The paper you linked shows effectiveness of previous infection alone at 46%, 3 vaccine doses at 52% (and slightly above the upper end of the confidence interval for infection only), and previous infection and 3 doses at 77%. When I looked for earlier studies, the first one that popped up was this one from Sept 2021, which finds that previous infection gives a 90% reduced risk re-infection.
This seems to be consistent with what has been reported more popularly; in 2020-2021 it seemed that the immune benefit from a previous infection could last several months, and that this informed the timing on when boosters were recommended. Whereas now it seems it's significantly easier to be re-infected with an omicron variant relatively soon after a previous infection.
The finding of 90% in late 2021 vs <50% now does sound like the protective effect of prior infection _is_ changing.

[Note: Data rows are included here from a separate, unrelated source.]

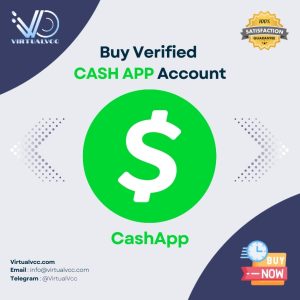 Buy verified Cash App accounts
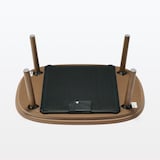 【中古品】楕円こたつ　小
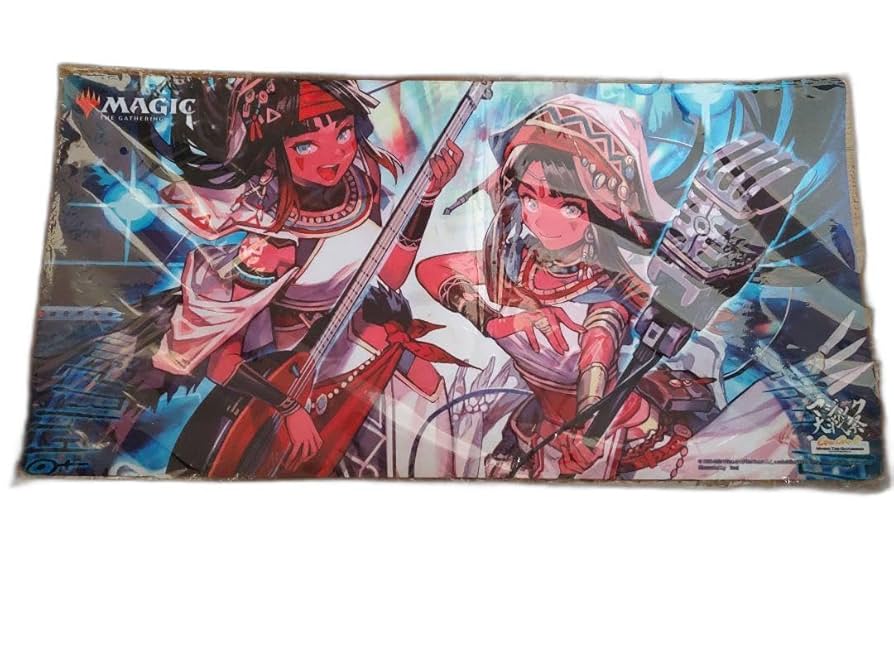 宝物 イベント限定プレイマット マジック大戦祭2025 宝物 イベント限定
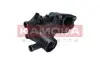 Термостат VW Caddy II-III 1.4-1.6 95-10 (87°C) (+ корпус) KAMOKA (7710258) зображення 1
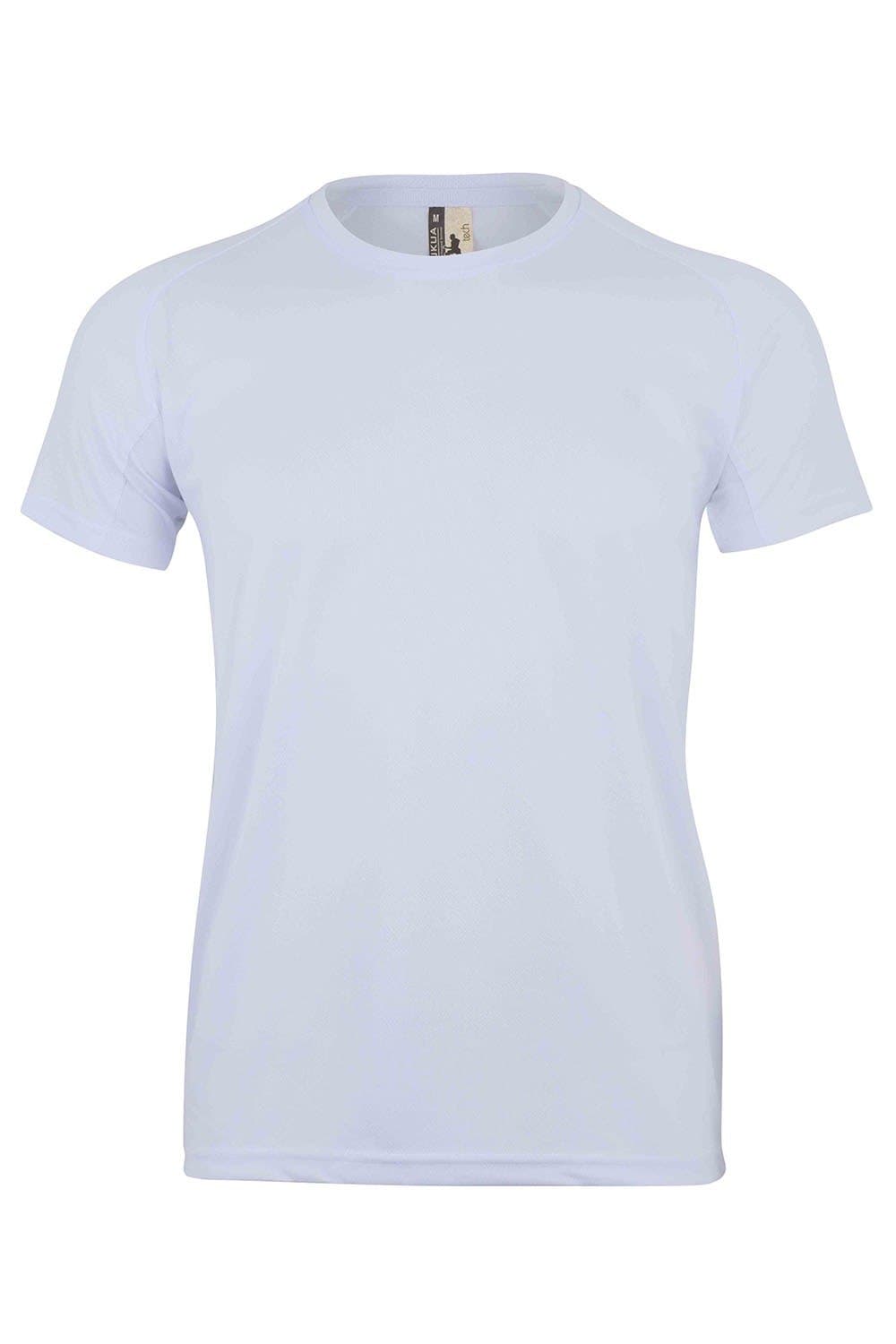 TECH - T-shirt technique MC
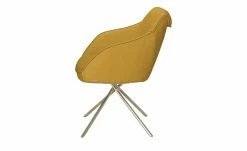 KOINOR Armlehnstuhl Dining System 1 | Giallo (Gelb) / Kontrastnaht Schwarz -Stühle Verkäufe 2022 15303002 10 202110271257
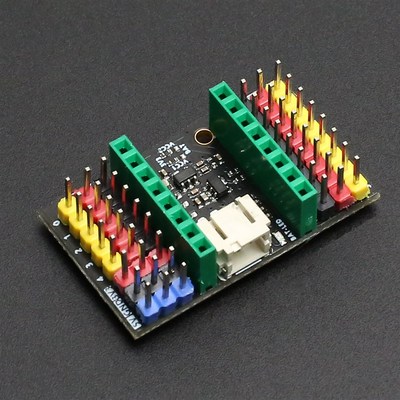 ESP32 C3SuperMini 扩展板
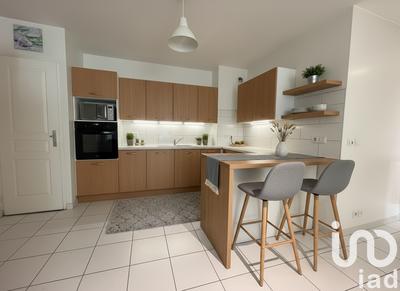 Appartement - 66 m² - 3 pièces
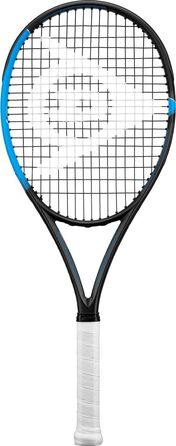 Ракетка Dunlop Sports для чоловіків Fx 500 (1, чорна/синя)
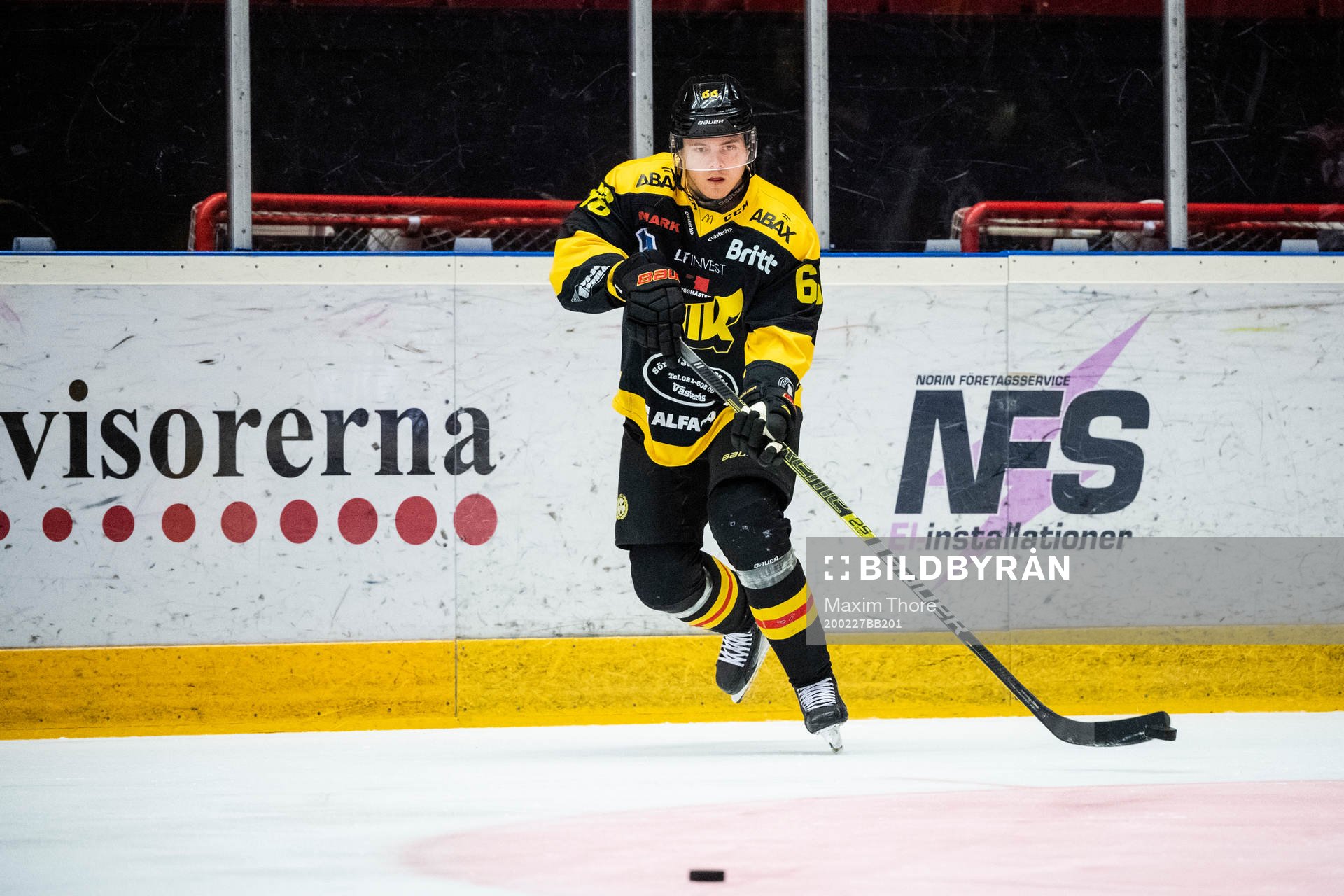 Brynäs Alexander Lindelöf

Look a Figures 1, 2 and 4, and you'll see clearly that protection against severe disease remains quite robust. Protection against severe, critical or fatal Covid-19 due to any Omicron infection is shown at 91% (95% CI 60-100) after prior infection (Figure 2D).
> You are going to get Covid multiple times in your life, regardless of your vaccination or infection status.
Yeah but whether you expect to get it once every couple years or multiple times a year is meaningful to what living in a post-covid world looks like.
Earlier your very firm statement did not qualify the unchanged protective effect as being limited to severe, critical or fatal disease, and I think you're moving goalposts.
> The protective effect of prior infection is not uncertain, nor is it changing.
> The protective effect of prior infection is not uncertain, nor is it changing. There have been dozens of papers now, all saying the same thing: natural infection is at least as protective (if not more so) than even 3 doses of the current vaccines.
I was saying that natural infection is equivalent to vaccination -- if not better. Then, in the same comment, I explicitly said that none of this will prevent re-infection:
> Norway is saying what it is, because we know that most people -- vaccinated or previously infected -- will eventually get re-infected. But even if you are re-infected, you will be well-protected against severe illness.
Did people originally overstate the claim that vaccination would prevent infection? Absolutely. Do we now know this to be untrue? Again, absolutely. You're going to be re-infected multiple times in your life. Cannot be helped.
But it's still true that infection and vaccination offer at least equivalent levels of protection. So if you're concerned about the protection of "natural immunity" -- by whatever standard -- then I have bad news for you: the vaccines are no better.